A survey in 2021-2022 showed mycotoxin occurrences specific to the Asian region. Deoxynivalenol contamination was high in 15 samples of cotton seed meal at 1,410ppb. The mean value for fumonisins in 60 corn samples was 1,373ppb but the highest level was as high as 9,000ppb. The contamination of fumonisins was also high in finished feed at 498ppb.
A hidden threat?
The answer is “maybe”. In Asian aquaculture there are almost 424 cultured species, according to FAO data. The results on contamination in plant meals used in aquafeeds (fish and shrimp feeds) were compared to data available in published literature on contamination levels affecting rainbow trout, pacific white shrimp, carp and red tilapia in the case of deoxynivalenol. In Asian aquafeeds, aflatoxin contamination was close to 221ppb while contamination by fumonisins was up to 573ppb. Published research on mycotoxin contamination in Pacific white shrimp, black tiger shrimp, rainbow trout, Nile tilapia and carp showed contamination of aflatoxin to be as high as 2,500ppb in Nile tilapia and black tiger shrimp and with fumonisins at 5000ppb in carp and 150ppb in Nile tilapia fingerlings.
“Factors such as age, as well as nutritional and health status, rearing density and environmental conditions of animal tested influenced outcome of trials leading to variable sensitivity. It is difficult to estimate the risk that these concentrations have on aquaculture species, as most published studies investigating the effect of mycotoxins in aquaculture species tested contamination at unrealistically high levels to be present in aquafeeds. For industry use, it does not make any sense,” said Gonçalves.
“In risk mitigation, steps should be consciously taken based on indicators, to counter, in advance, the effects of mycotoxins in the aquaculture industry. One size-fits all solutions is not advisable.”
says Rui A. Gonçalves.
Clinical signs
Evaluating mycotoxin contamination is not a common practice since clinical signs on their effects in specific species have not been well investigated. Unlike in livestock where there are specific clinical signs for each mycotoxin, in aquaculture species, clinical signs are generally inexistent or subclinical.

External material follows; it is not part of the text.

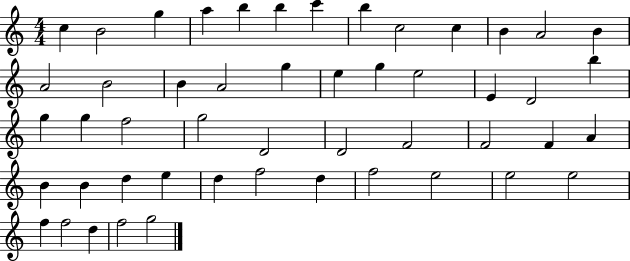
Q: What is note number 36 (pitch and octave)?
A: B4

Mycotoxin contamination could represent a hidden problem which can lead to increased disease susceptibility and poor performance. There is the general effect of suppression of feed intake but then, it was pointed out, many adverse conditions affect feed intake. A common reported impact has been in liver and gut health which are associated with immunosuppression. Gonçalves noted, “Clinical signs are generally misleading or easily associated with other pathogens.”
Some clinical signs for specific mycotoxins were discussed. Fumonisins contamination is common in corn and the target organs are liver, kidney and the brain. A reduction in weight gain and lesions in the mouth occurred in carp fed with 500ppb fumonisins, according to Petrinec et al. (2004). A synergistic effect with aflatoxin B1 (AFB 1 ) has been well established.